= WHAT YOU HAVE TO DO =
Return only the lines below starting at the line containing "Sunburst Citrine Necklace" and ending at the line containing "Asya Blue Cycle", both included, exactly as they are and with no pictures.

= SUPPLIED MATERIAL =
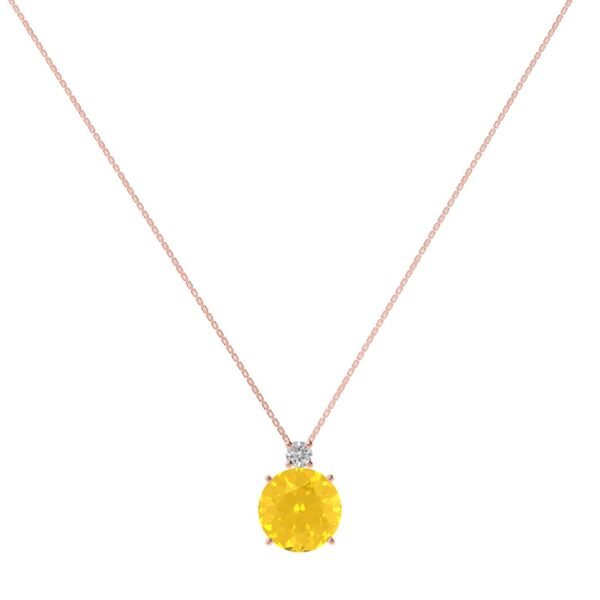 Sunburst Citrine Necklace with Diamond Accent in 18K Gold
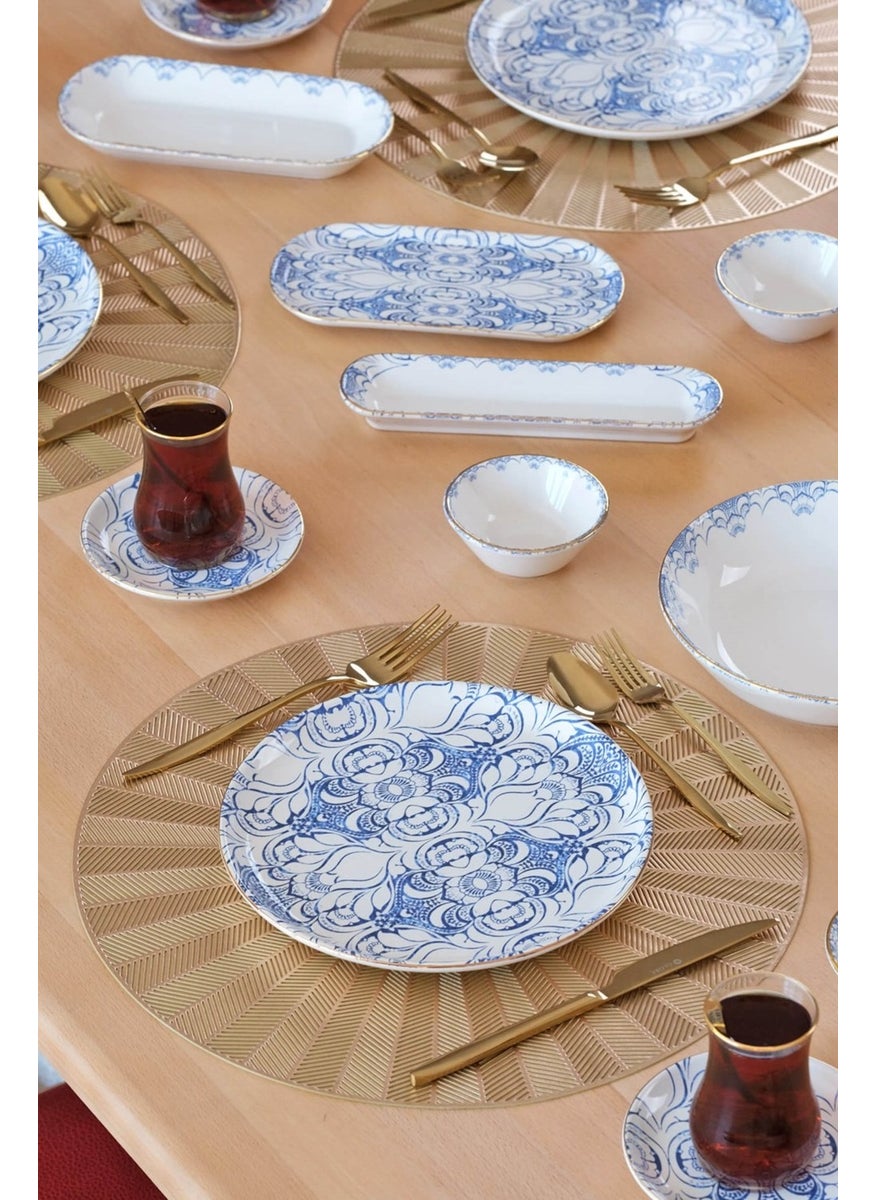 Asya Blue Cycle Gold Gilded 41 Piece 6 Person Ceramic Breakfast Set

--

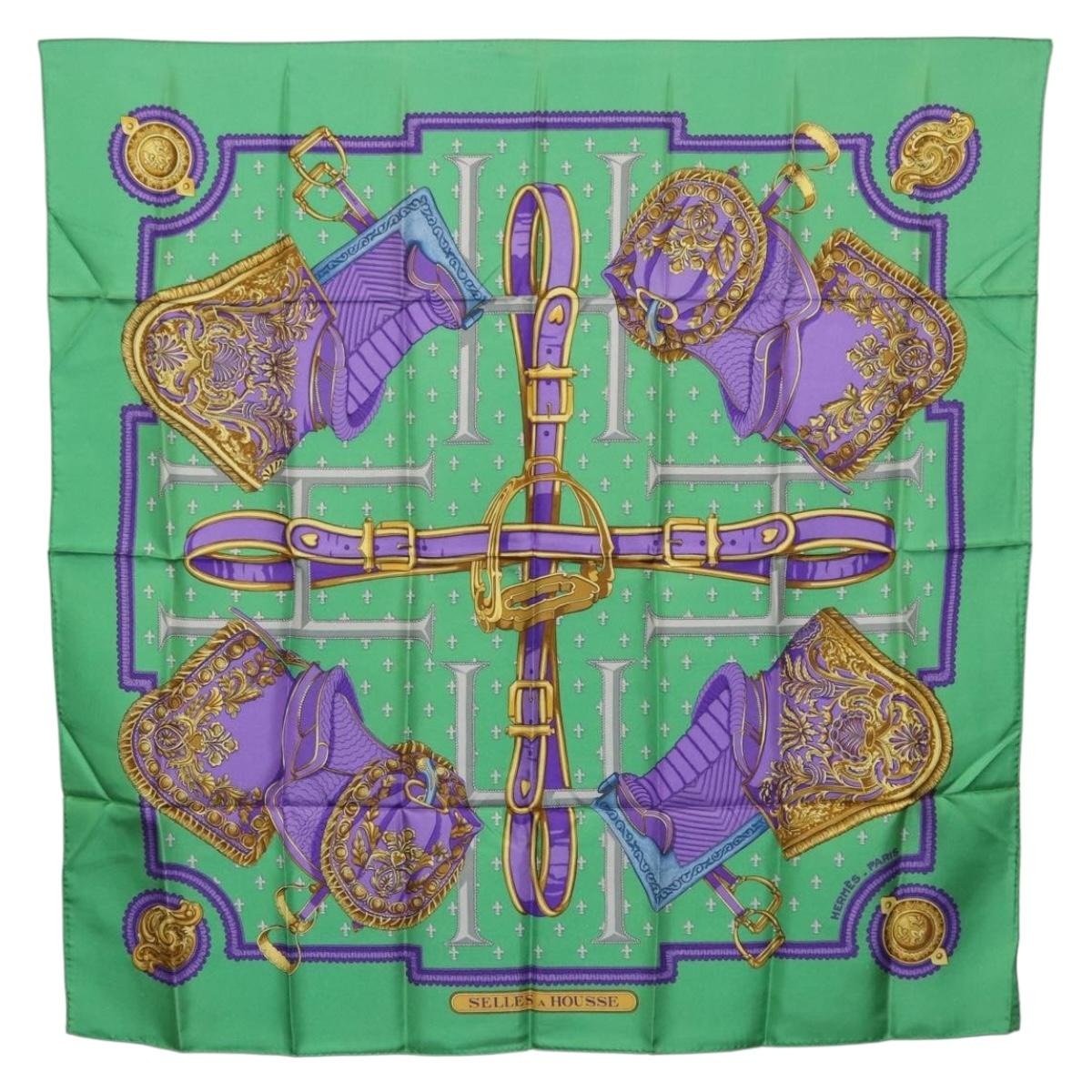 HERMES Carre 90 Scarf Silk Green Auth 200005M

= RESULT OF THE EXERCISE =
 Sunburst Citrine Necklace with Diamond Accent in 18K Gold
 Asya Blue Cycle Gold Gilded 41 Piece 6 Person Ceramic Breakfast Set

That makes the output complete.